--- DATA FOR THIS EXERCISE Enclosed Below ---

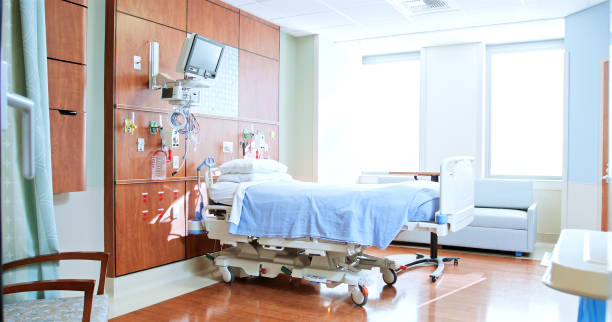 istock Private Room In Modern Hospital With Empty Bed And Medical Tech Equipment 2190549521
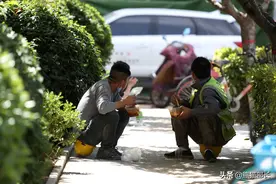 疫情下的民工生活不易 坐路边吃饭歇息图片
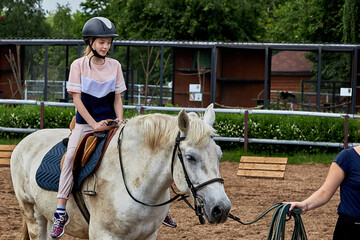 Beautiful teenage girl in a helmet learning to ride a horse.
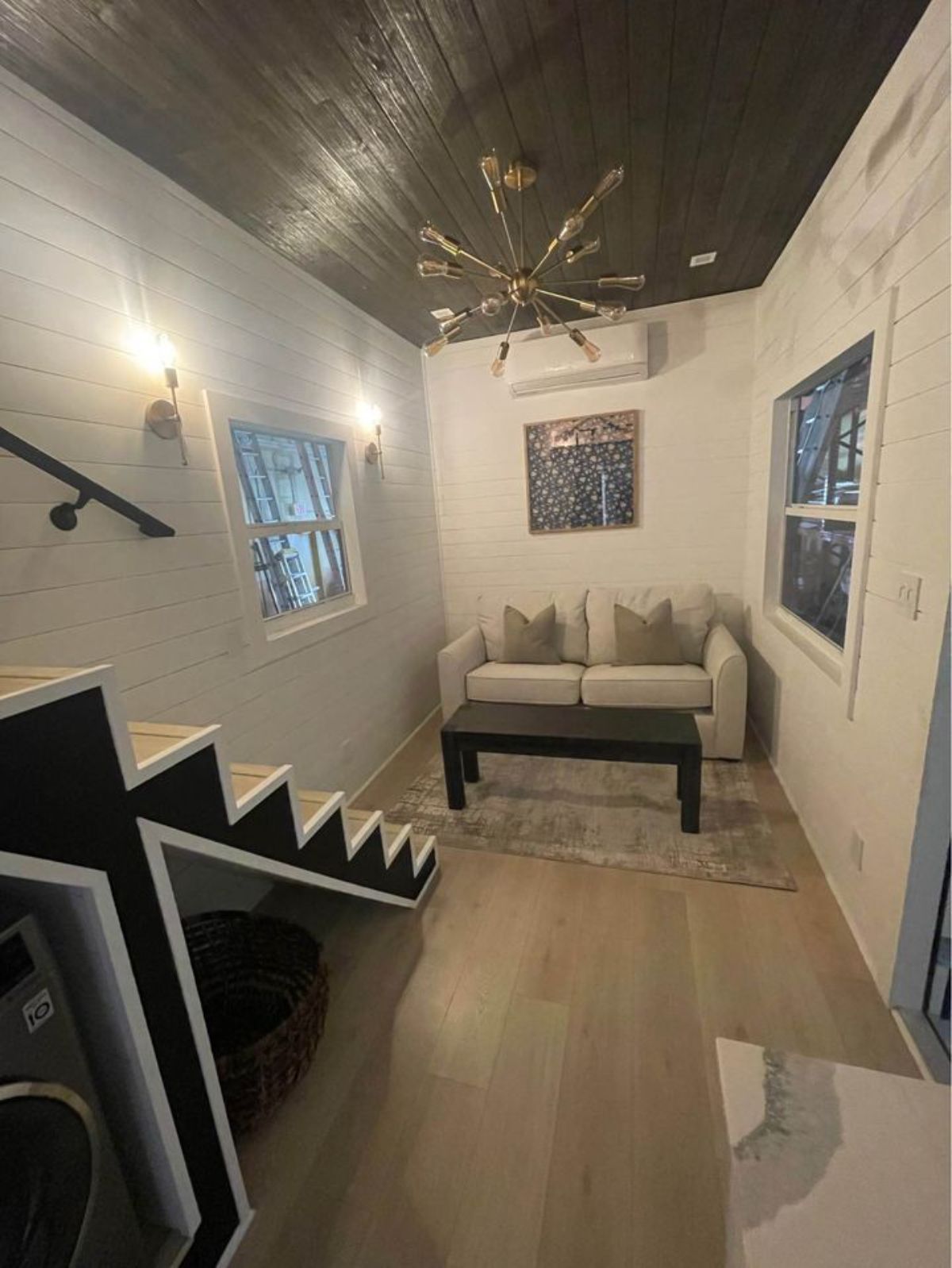 view from kitchen into tiny home living space showing windows on both sides and sofa against far wall
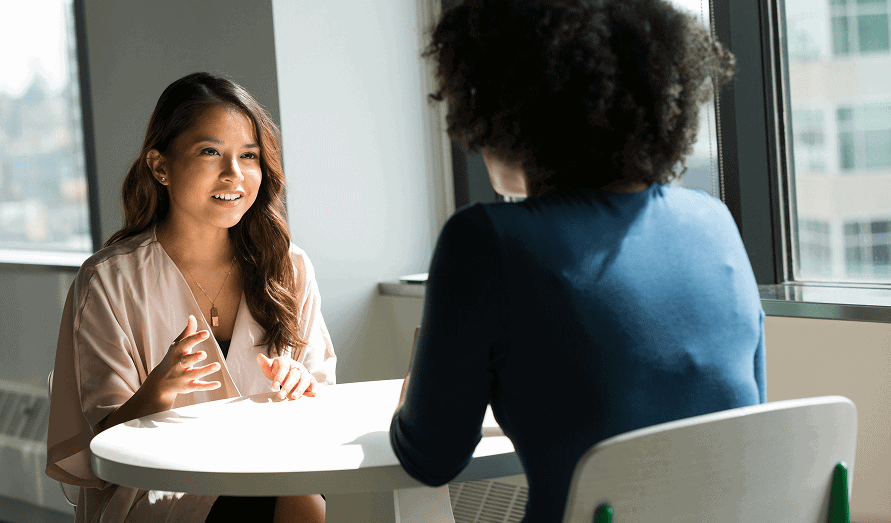 Two women having a professional discussion in an office setting.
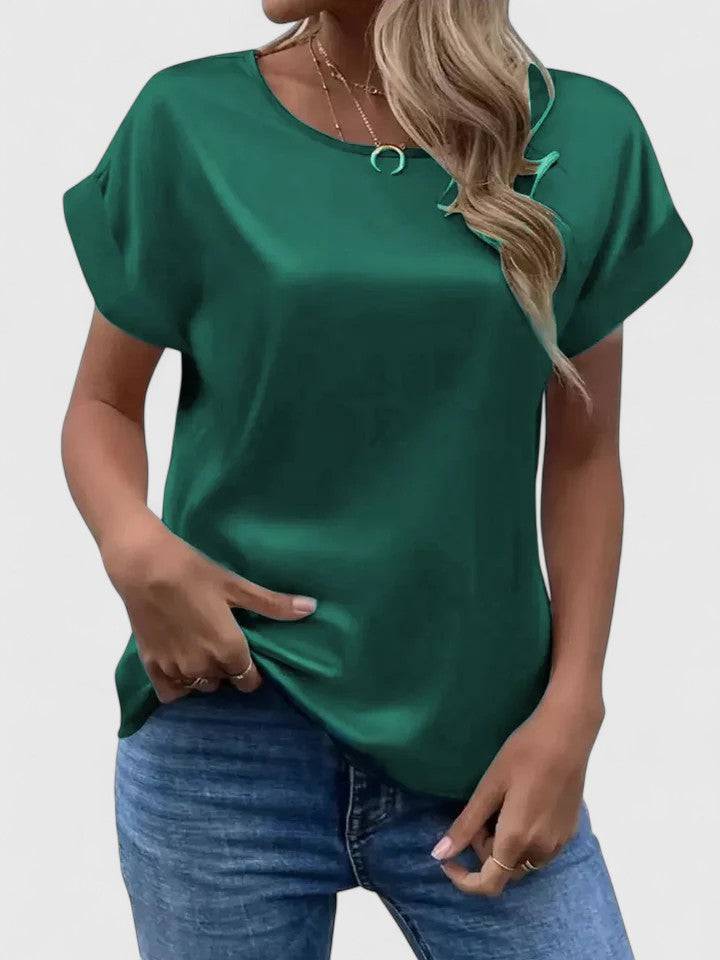 Elegant Emma & Rose Cape Town Lioraine™ blouse with floral details, lightweight fabric, and tailored fit.
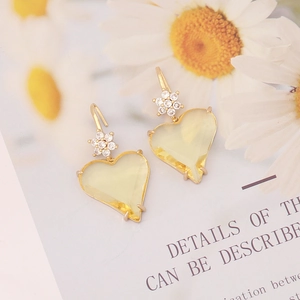 Detailed view of yellow heart-shaped earrings with zircon accents and gold plating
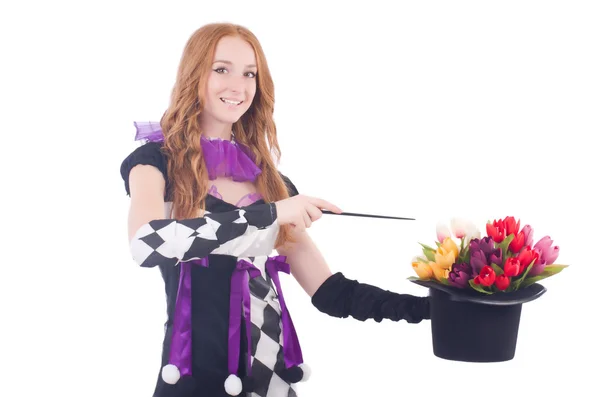 Magician woman with flowers on white — Stock Photo, Image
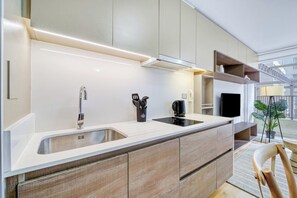 A modern kitchen with a built-in stove, a sink, and a countertop with a coffee maker. - Ñuñoa Botanic 2D - Estacionamiento y AC (Ñuñoa)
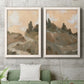 Set of two white barnwood framed canvas prints depicting a coordinated art pair of misty brown hills and winding mountain paths rendered as minimalist watercolor landscapes above a sofa in a modern living room.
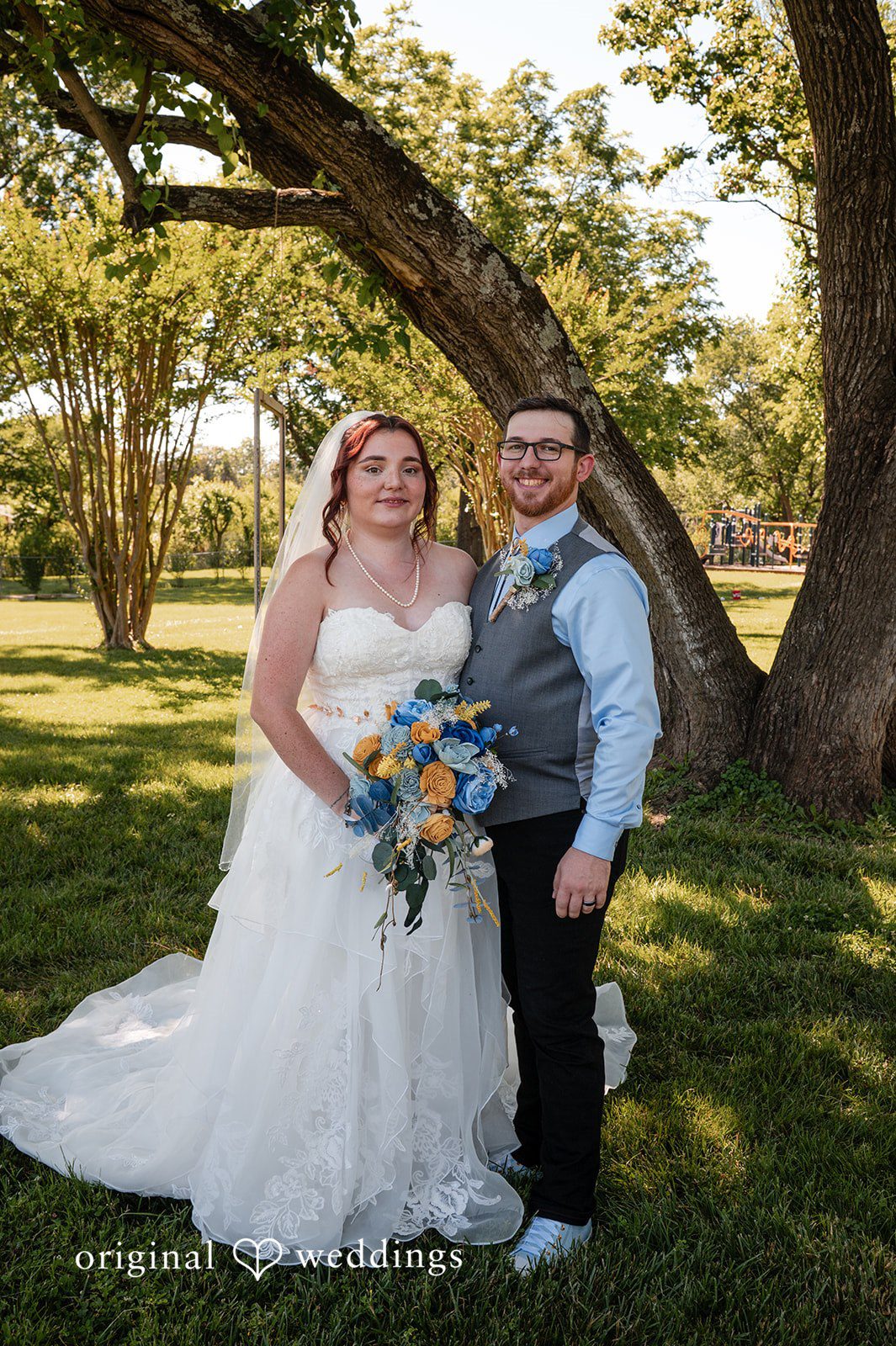 Joshua + Angela A bride and groom smile together while posing on a sunny green lawn.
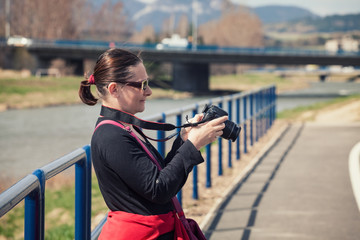 Portrait of female tourist holding camera and taking photos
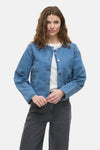 Kort jasje van middieblauw denim van VILA, met zilveren knopen en gedragen over een wit T-shirt.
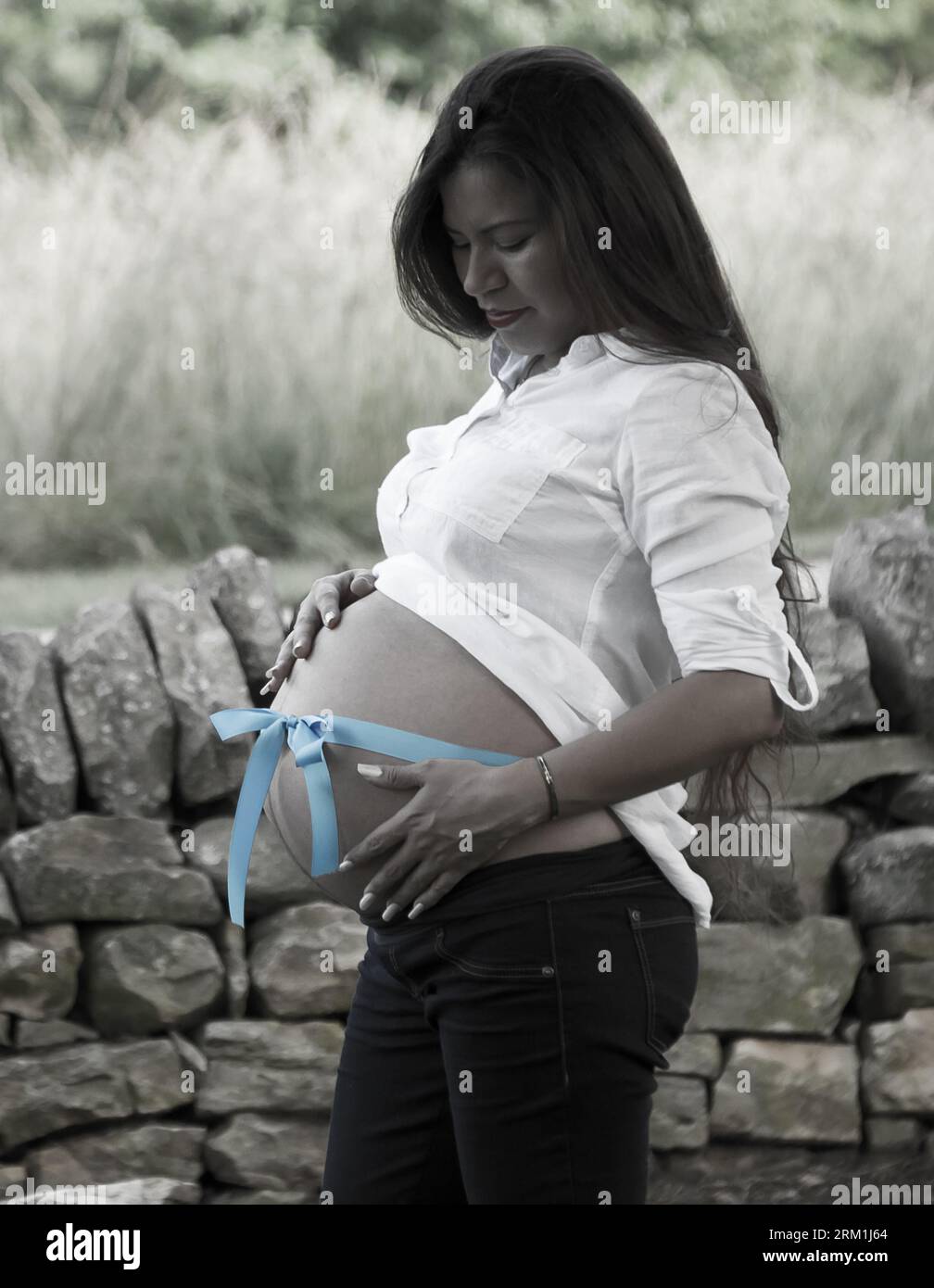 Partial Black and White photo of a Maternity shoot of a Mexican that's pregnant Stock Photo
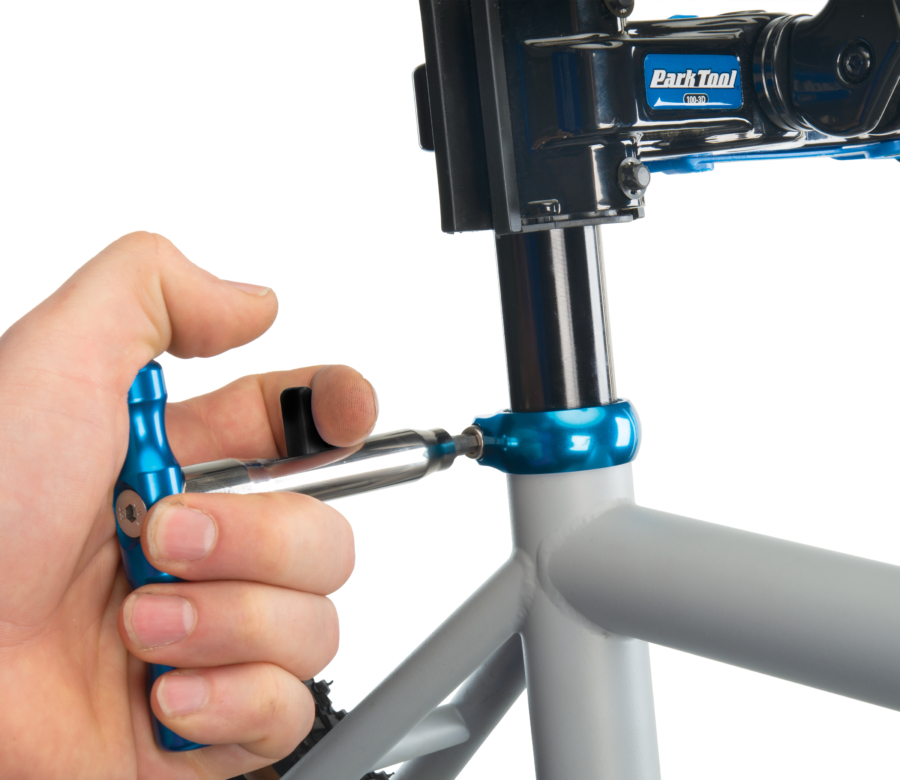 The Park Tool QTH-1 Quick Change Bit Driver Set handle driving a seat post collar pinch bolt, enlarged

--- End of Enclosed DATA FOR THIS EXERCISE ---

Beginning at the line that contains "Magician woman with", give the remaining lines of the records again exactly, through the last one. Leave out pictures.

ANSWER TO THE EXERCISE
 Magician woman with flowers on white — Stock Photo, Image
 A modern kitchen with a built-in stove, a sink, and a countertop with a coffee maker. - Ñuñoa Botanic 2D - Estacionamiento y AC (Ñuñoa)
 Set of two white barnwood framed canvas prints depicting a coordinated art pair of misty brown hills and winding mountain paths rendered as minimalist watercolor landscapes above a sofa in a modern living room.
 Joshua + Angela A bride and groom smile together while posing on a sunny green lawn.
 Portrait of female tourist holding camera and taking photos
 Kort jasje van middieblauw denim van VILA, met zilveren knopen en gedragen over een wit T-shirt.
 Partial Black and White photo of a Maternity shoot of a Mexican that's pregnant Stock Photo
 The Park Tool QTH-1 Quick Change Bit Driver Set handle driving a seat post collar pinch bolt, enlarged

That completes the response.